Your goal
Beginning with the line containing "1PC Natural White" and ending with the line containing "Synthetic Wig Natural", write out each line of the records below exactly; pictures and lines outside that range are left out.

Task input
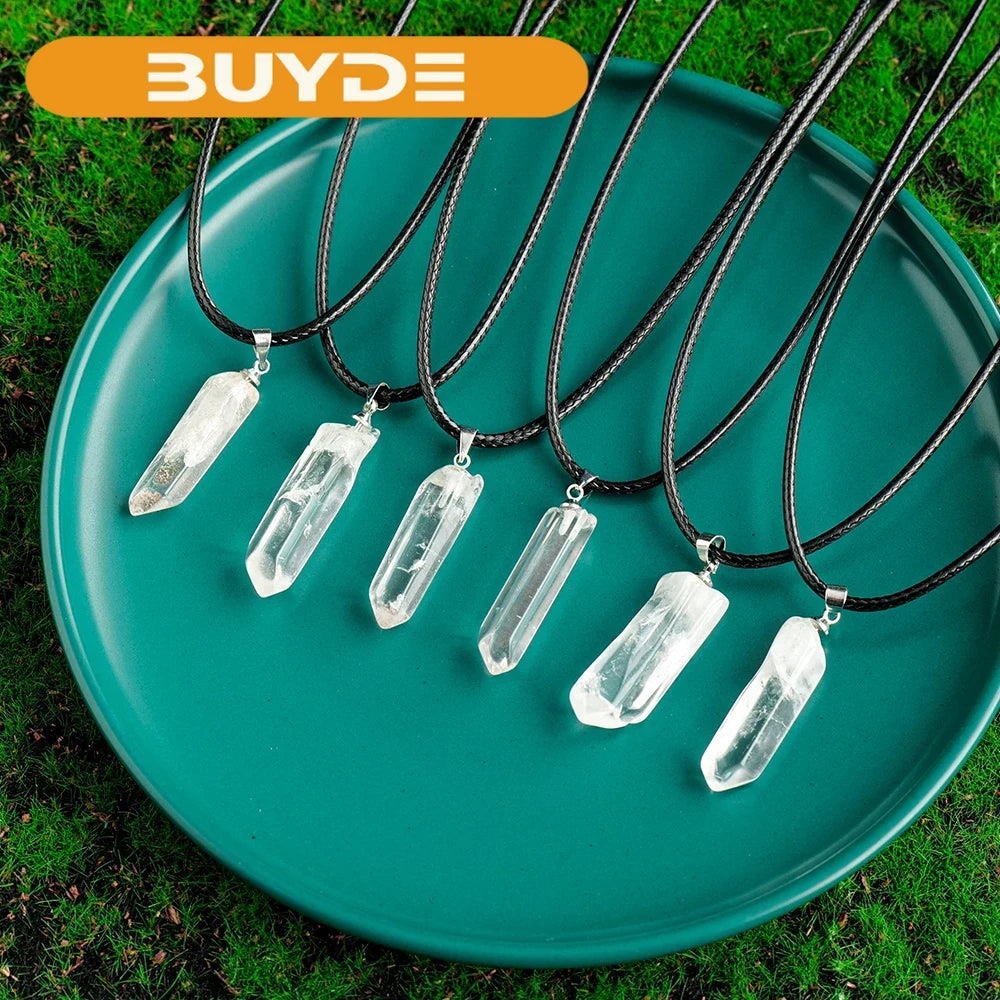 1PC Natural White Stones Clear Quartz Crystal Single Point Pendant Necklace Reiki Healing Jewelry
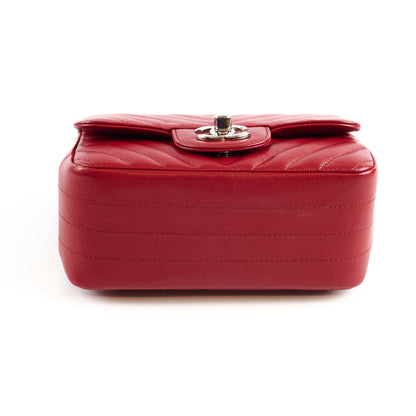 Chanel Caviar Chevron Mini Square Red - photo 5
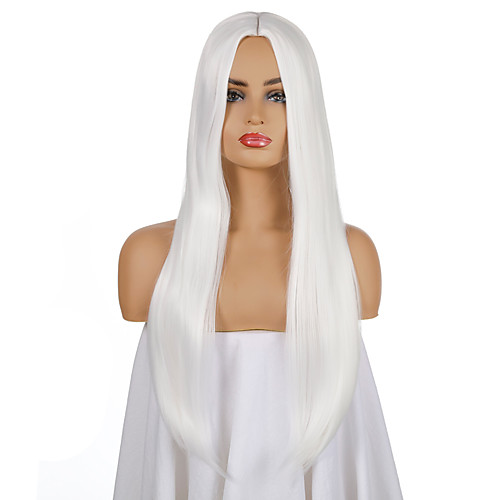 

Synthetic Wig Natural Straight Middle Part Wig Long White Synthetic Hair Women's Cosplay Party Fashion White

---

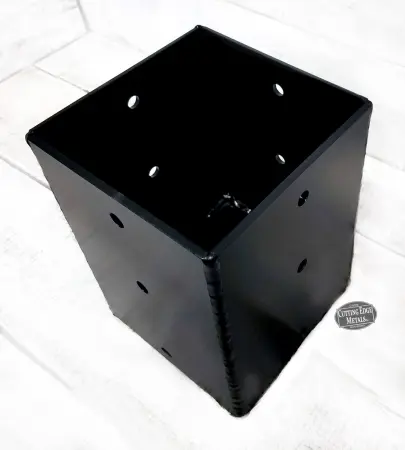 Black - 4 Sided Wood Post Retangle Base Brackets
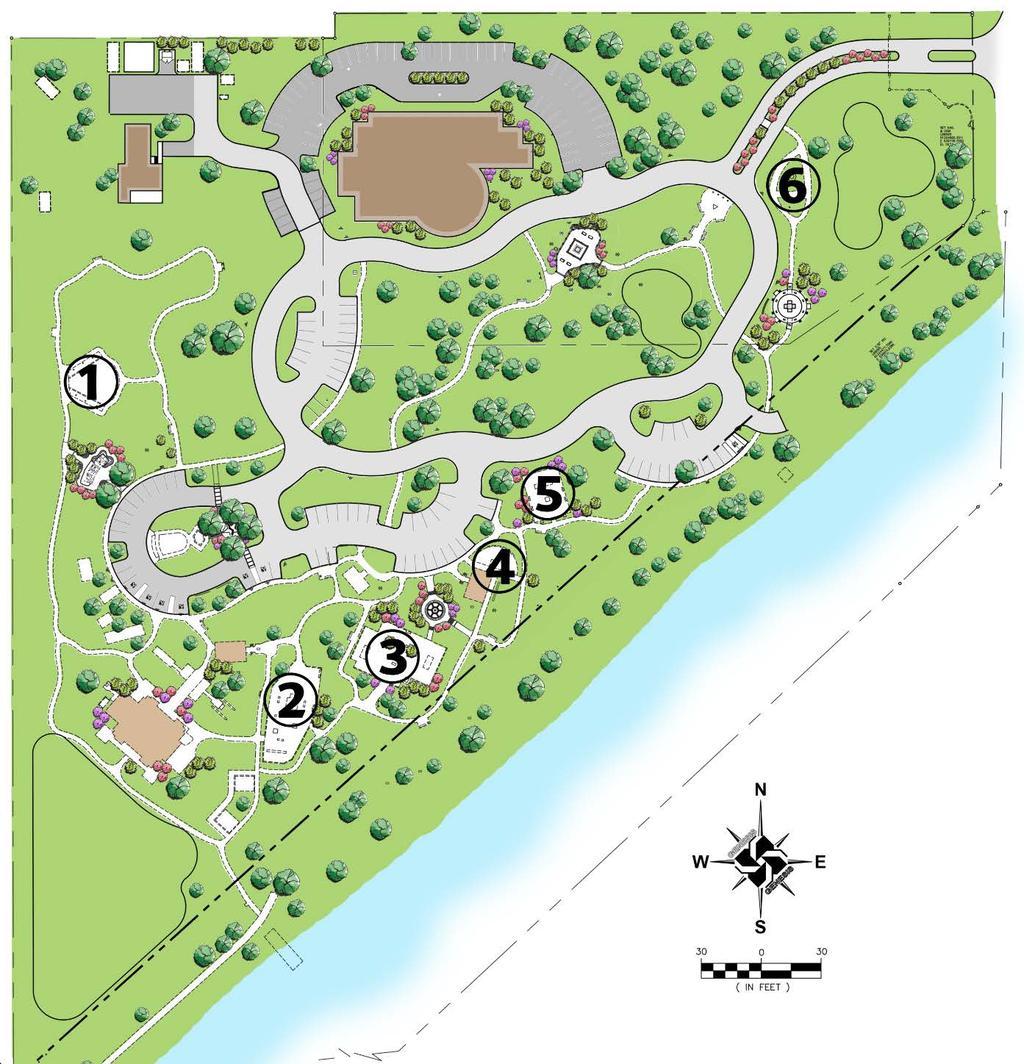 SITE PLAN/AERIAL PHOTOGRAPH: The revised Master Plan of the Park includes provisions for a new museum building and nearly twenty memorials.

Written response
 1PC Natural White Stones Clear Quartz Crystal Single Point Pendant Necklace Reiki Healing Jewelry
 Chanel Caviar Chevron Mini Square Red - photo 5

Synthetic Wig Natural Straight Middle Part Wig Long White Synthetic Hair Women's Cosplay Party Fashion White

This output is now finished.